Problem requirements
Print every line below exactly. Skip the pictures.

Data for this task
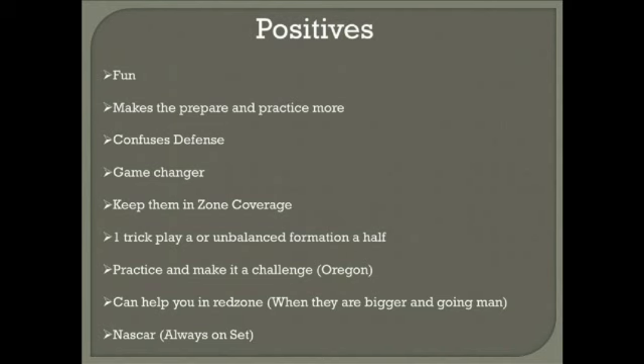The third positive is it confuses defenses. If you can get their head spinning, they're definitely not moving as fast as they can be. Just by a formation change, if they don't know who's eligible, who's not eligible, or how many extra gaps we added to one side of the ball, and they don't know where to line up, they're definitely thinking and we're taking advantage of that. The fourth positive is it can definitely be a game changer, especially if you're stalling in the red zone and you steal a quick touchdown. In a defensive battle, you can pull out a trick play to spark things up, change the momentum of the game, and get the crowd back into it. If your kids are having fun and executing, that's definitely a success.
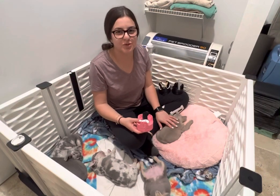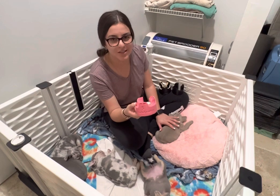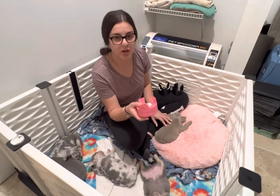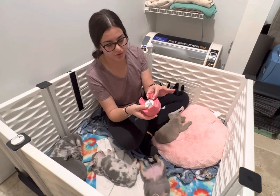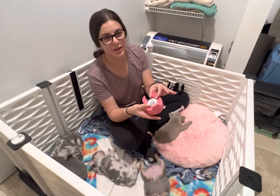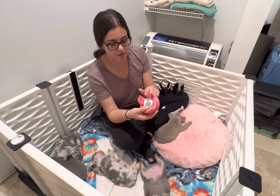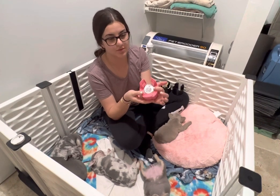Hey guys, this is Sabrina from Frenchiexotics. I wanted to share with you guys some improvements we've made to our flat chest kit. We've been working with our reproductive vet and breeders from across the country to improve it. Our new kit comes with six different sizes and it can be used to treat flat chest in newborn to five week old puppies. It also comes with self-adhesive tape and a QR code that links back to this video.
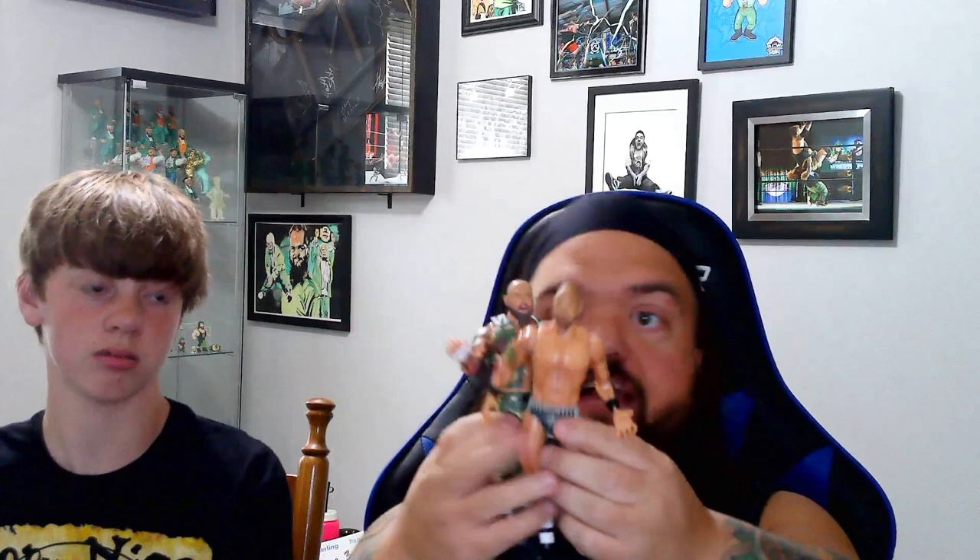He's going to be yelling too. Pop the head off, pop the head on — and we got a yelling Gallows, we got a yelling Anderson! Guys, these are awesome — so many heads and hands with each figure, and they come with the beer skis.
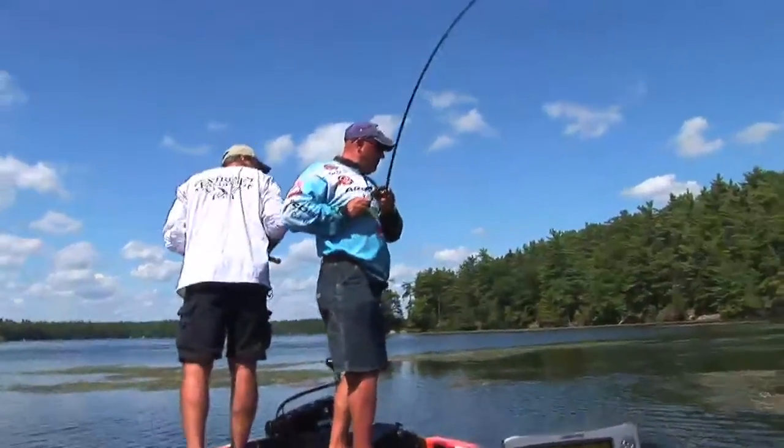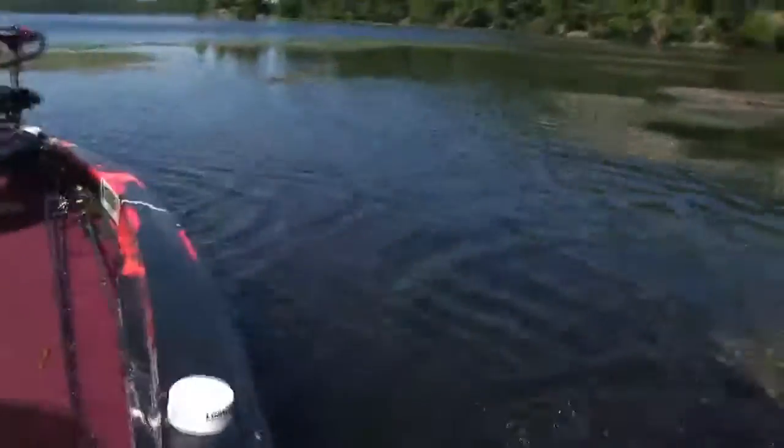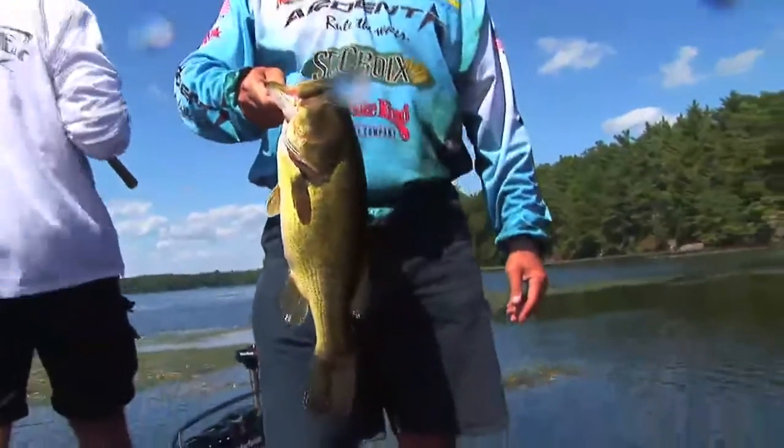There you go, it's a better fish — that's a better fish! There we go, that's what's in the mat. It hit like that, you know what I mean? That's a picture fish. I think that's a picture fish — we're gonna put him in the live well.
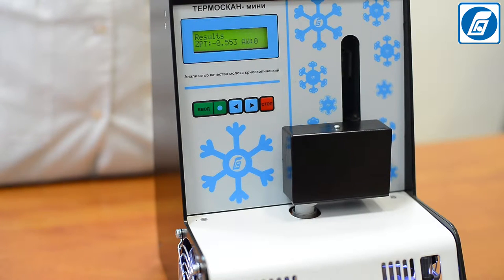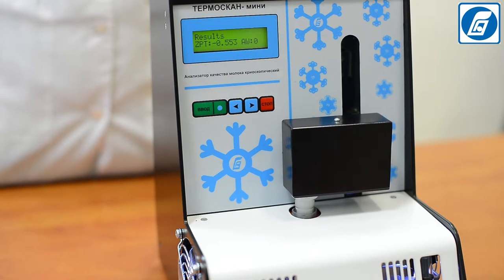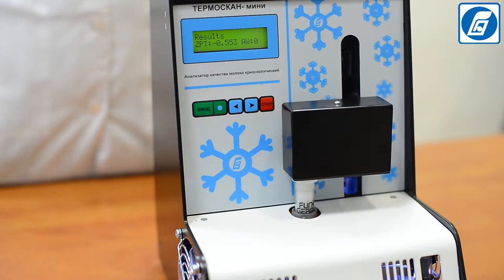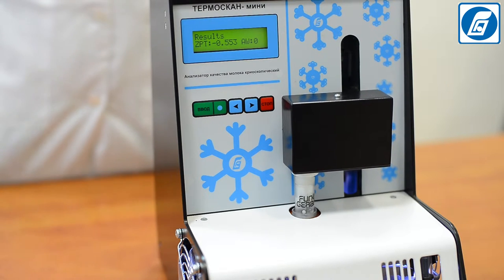After completing the measurement, the percentage of added water and the freezing point are shown on the display. For the analysis, samples of the following types of milk can be used.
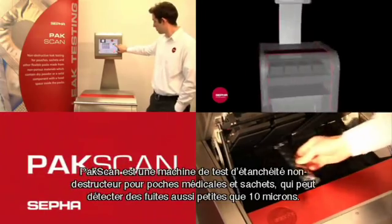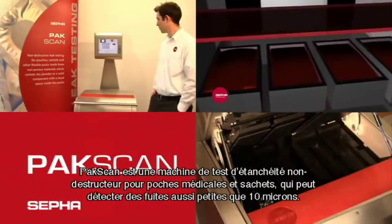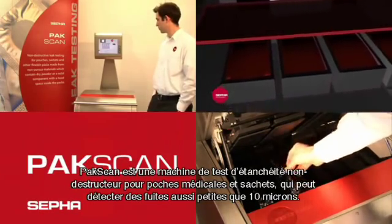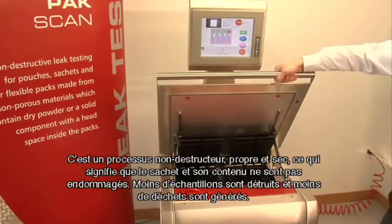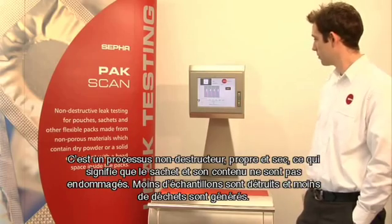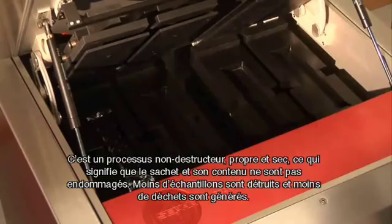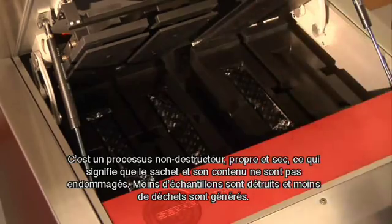PackScan is a non-destructive leak tester for pouches and sachets that can detect leaks as small as 10 microns. It is a non-destructive clean dry process, which means that the sachet and its contents are not damaged. Fewer samples are destroyed and less waste is generated.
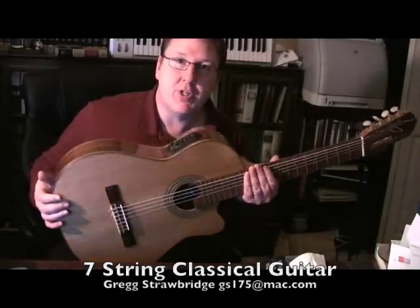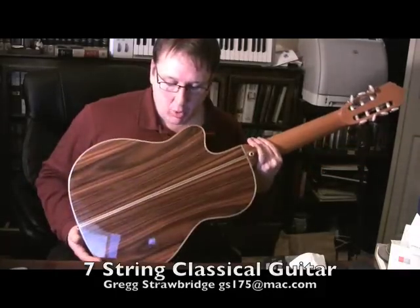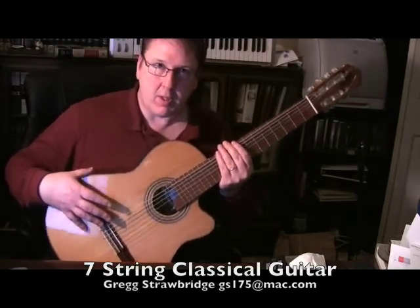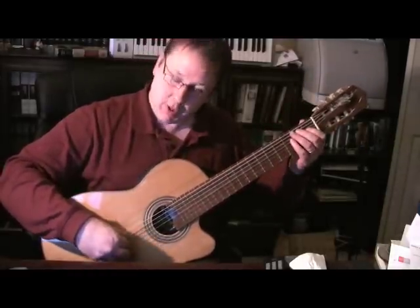This is my 7-string Giannini classical guitar. It has a nice cocobolo back and sides — it's a Brazilian guitar. I replaced the pickup in it. It sounds much better plugged in, but acoustically it sounds pretty good too. It has a low B string.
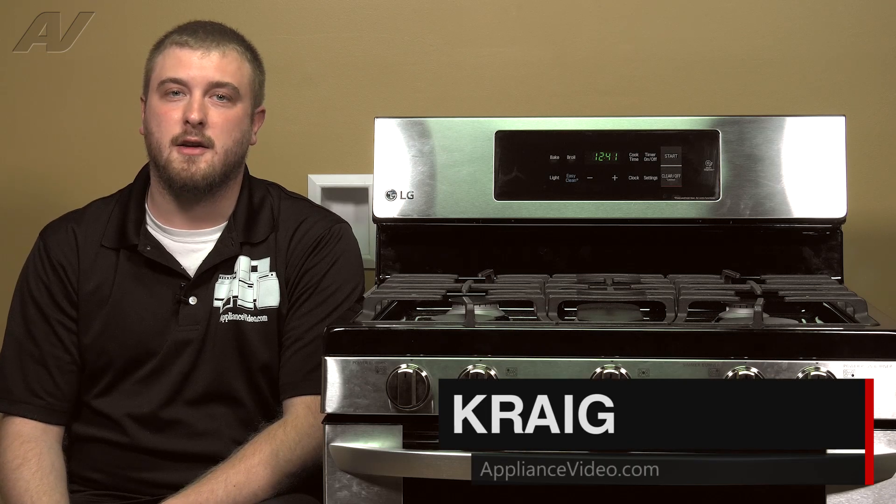Hi, I'm Craig with ApplianceVideo.com. Today we're going to be taking a look at your control panel user interface on this LG freestanding gas oven.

Task output
The third positive is it confuses defenses. If you can get their head spinning, they're definitely not moving as fast as they can be. Just by a formation change, if they don't know who's eligible, who's not eligible, or how many extra gaps we added to one side of the ball, and they don't know where to line up, they're definitely thinking and we're taking advantage of that. The fourth positive is it can definitely be a game changer, especially if you're stalling in the red zone and you steal a quick touchdown. In a defensive battle, you can pull out a trick play to spark things up, change the momentum of the game, and get the crowd back into it. If your kids are having fun and executing, that's definitely a success.
Hey guys, this is Sabrina from Frenchiexotics. I wanted to share with you guys some improvements we've made to our flat chest kit. We've been working with our reproductive vet and breeders from across the country to improve it. Our new kit comes with six different sizes and it can be used to treat flat chest in newborn to five week old puppies. It also comes with self-adhesive tape and a QR code that links back to this video.
He's going to be yelling too. Pop the head off, pop the head on — and we got a yelling Gallows, we got a yelling Anderson! Guys, these are awesome — so many heads and hands with each figure, and they come with the beer skis.
There you go, it's a better fish — that's a better fish! There we go, that's what's in the mat. It hit like that, you know what I mean? That's a picture fish. I think that's a picture fish — we're gonna put him in the live well.
After completing the measurement, the percentage of added water and the freezing point are shown on the display. For the analysis, samples of the following types of milk can be used.
PackScan is a non-destructive leak tester for pouches and sachets that can detect leaks as small as 10 microns. It is a non-destructive clean dry process, which means that the sachet and its contents are not damaged. Fewer samples are destroyed and less waste is generated.
This is my 7-string Giannini classical guitar. It has a nice cocobolo back and sides — it's a Brazilian guitar. I replaced the pickup in it. It sounds much better plugged in, but acoustically it sounds pretty good too. It has a low B string.
Hi, I'm Craig with ApplianceVideo.com. Today we're going to be taking a look at your control panel user interface on this LG freestanding gas oven.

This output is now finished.